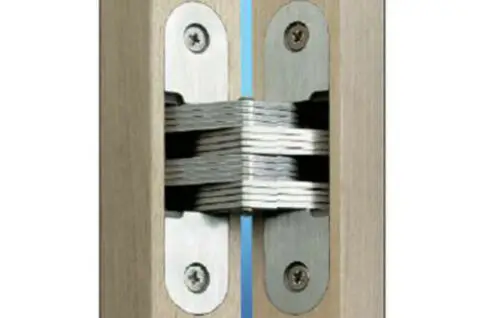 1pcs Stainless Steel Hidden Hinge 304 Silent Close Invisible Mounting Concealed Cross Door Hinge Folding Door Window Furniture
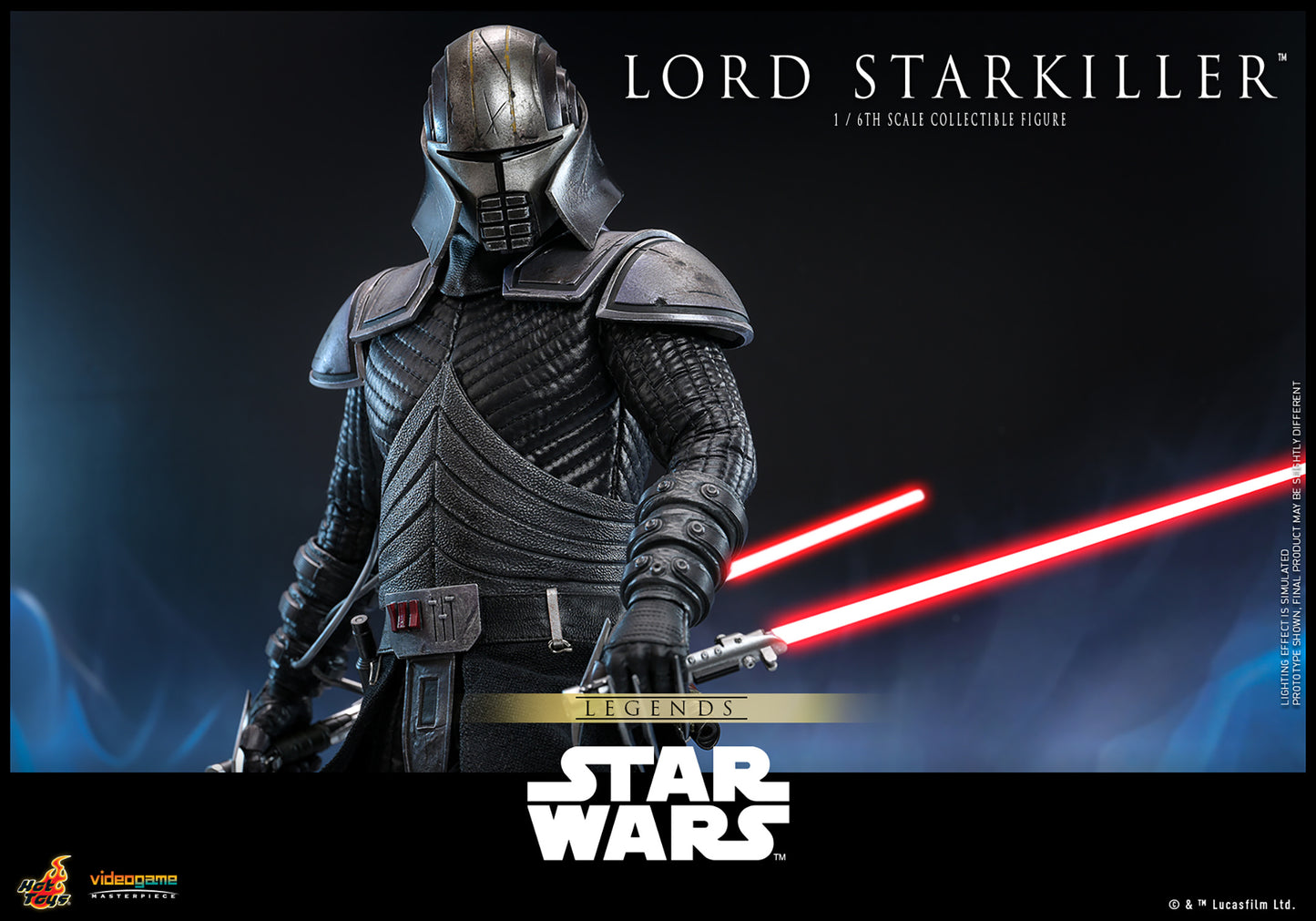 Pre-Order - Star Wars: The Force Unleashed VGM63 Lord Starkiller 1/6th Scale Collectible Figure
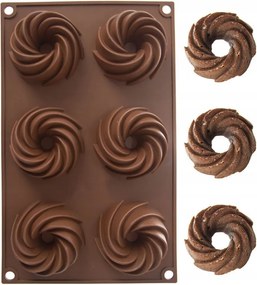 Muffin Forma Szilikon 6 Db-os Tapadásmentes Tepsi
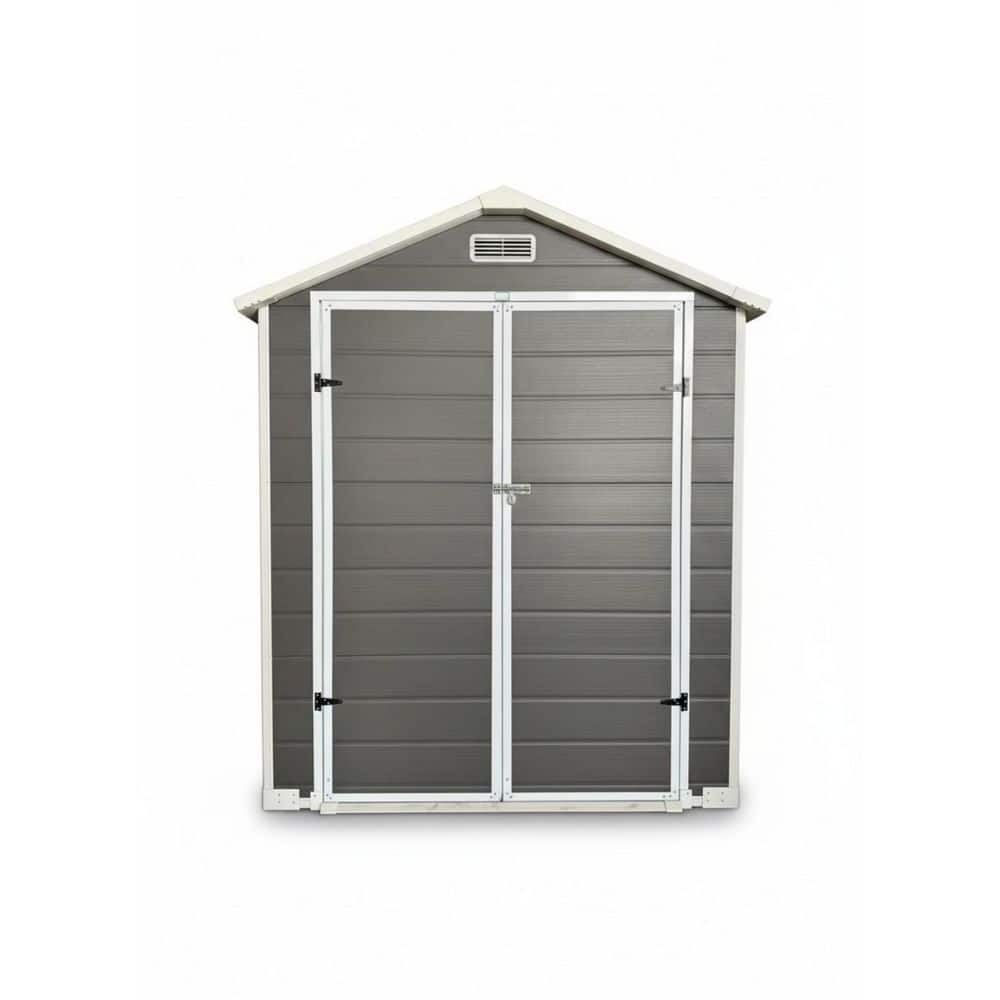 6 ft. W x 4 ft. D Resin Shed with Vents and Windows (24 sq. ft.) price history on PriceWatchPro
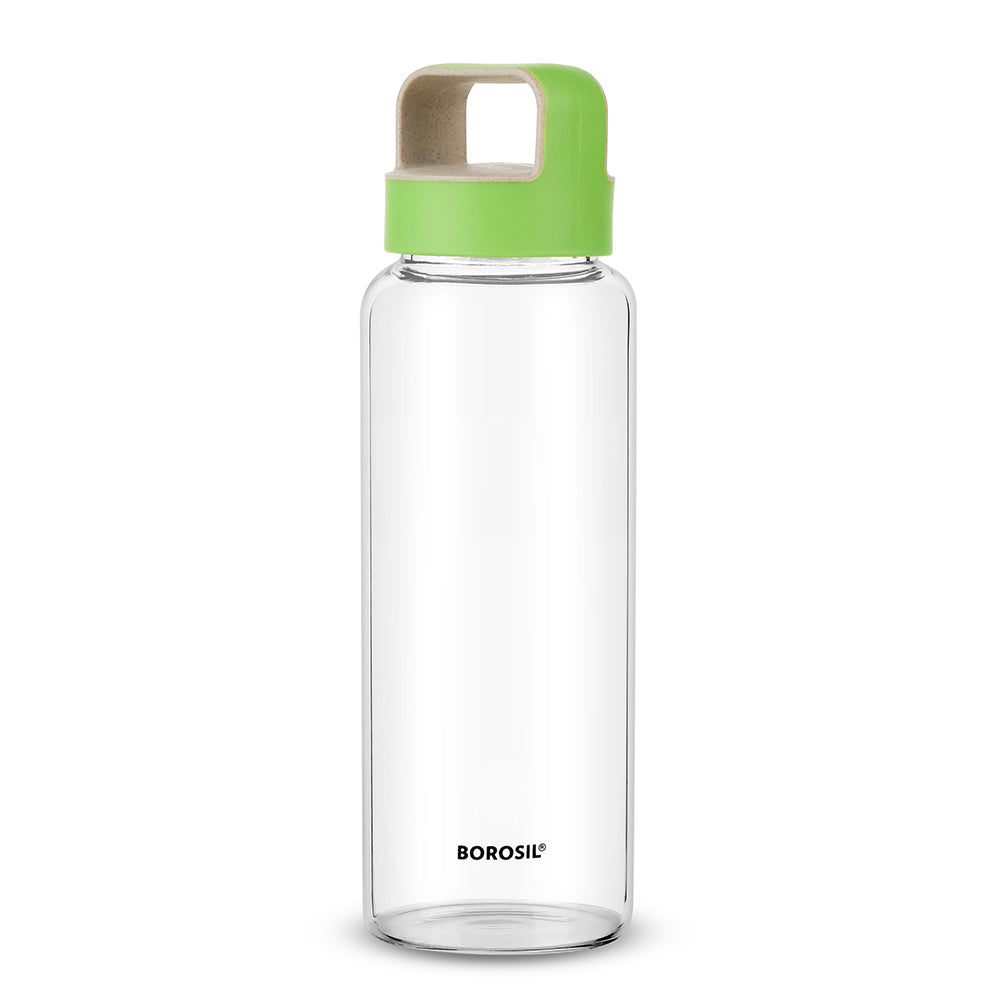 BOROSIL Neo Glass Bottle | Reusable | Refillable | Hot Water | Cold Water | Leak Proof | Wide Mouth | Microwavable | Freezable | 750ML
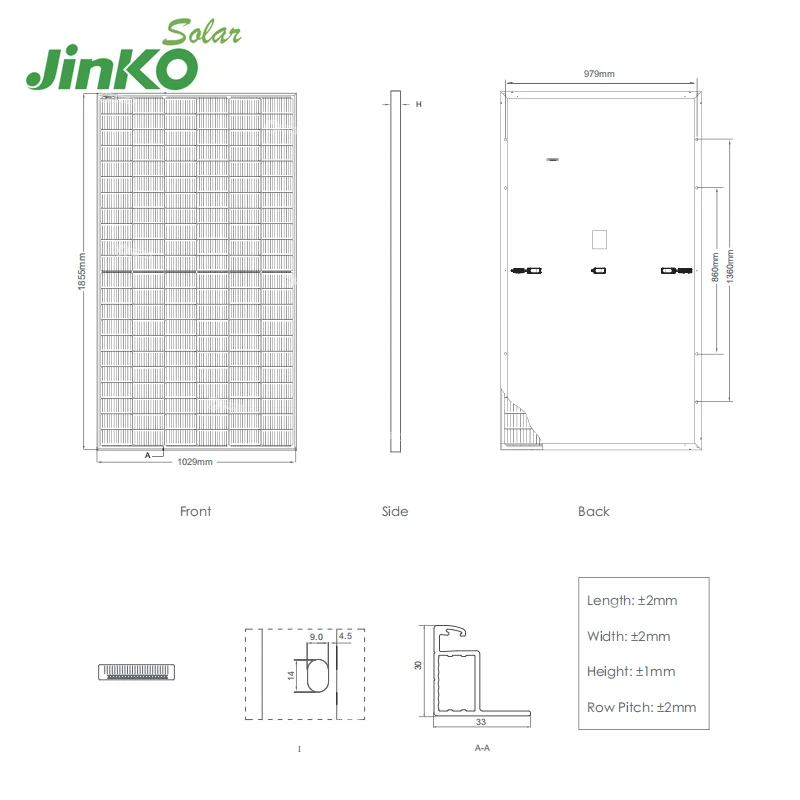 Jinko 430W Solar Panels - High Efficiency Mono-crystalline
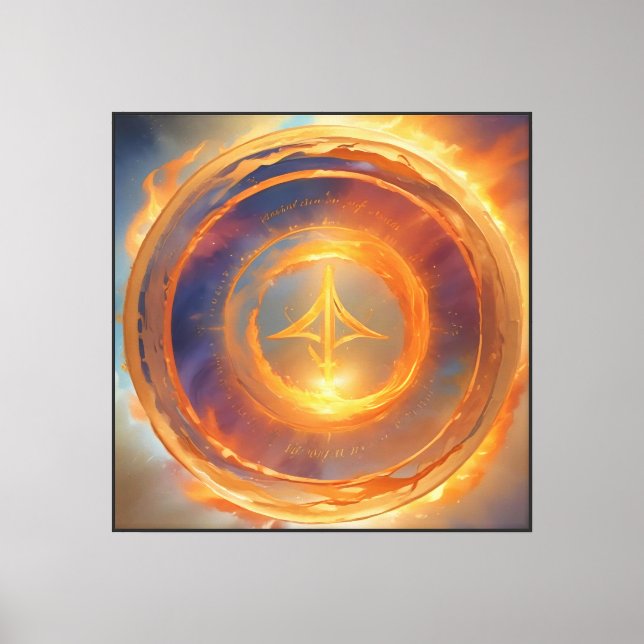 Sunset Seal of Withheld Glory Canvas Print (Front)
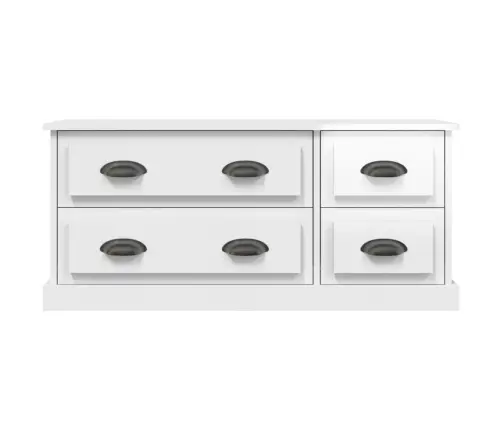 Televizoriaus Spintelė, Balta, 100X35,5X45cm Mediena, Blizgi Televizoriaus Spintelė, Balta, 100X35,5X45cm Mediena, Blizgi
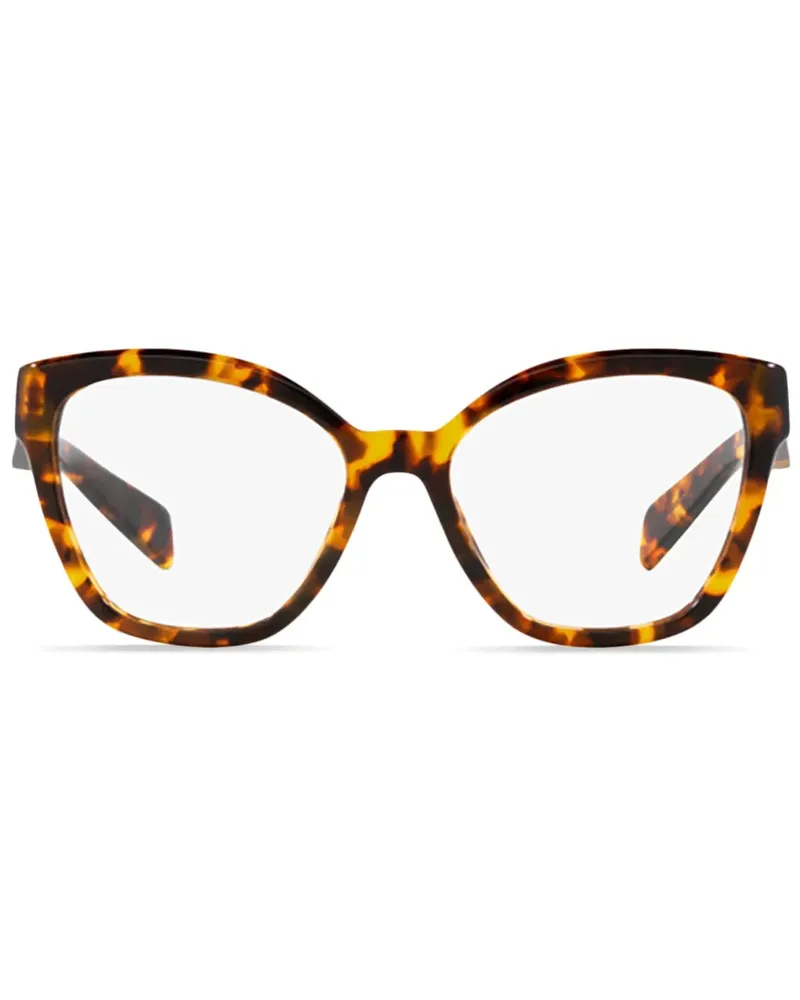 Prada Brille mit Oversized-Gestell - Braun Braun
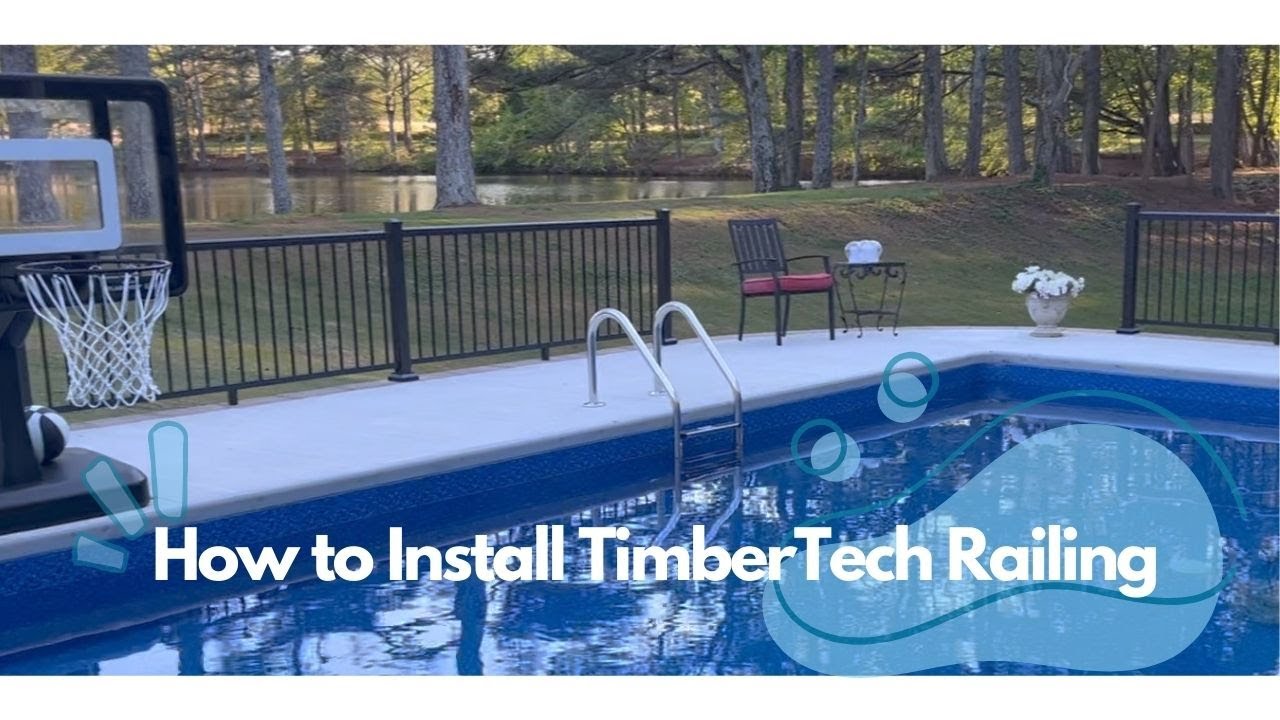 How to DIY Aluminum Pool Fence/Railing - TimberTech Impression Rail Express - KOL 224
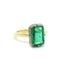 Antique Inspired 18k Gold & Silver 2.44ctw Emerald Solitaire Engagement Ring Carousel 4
........
**Assignment**
Reproduce exactly the lines from the one with "Prada Brille mit" to the bottom of the listing, both ends included, and nothing else. Skip the pictures.

**Answer**
 Prada Brille mit Oversized-Gestell - Braun Braun
 How to DIY Aluminum Pool Fence/Railing - TimberTech Impression Rail Express - KOL 224
 Antique Inspired 18k Gold & Silver 2.44ctw Emerald Solitaire Engagement Ring Carousel 4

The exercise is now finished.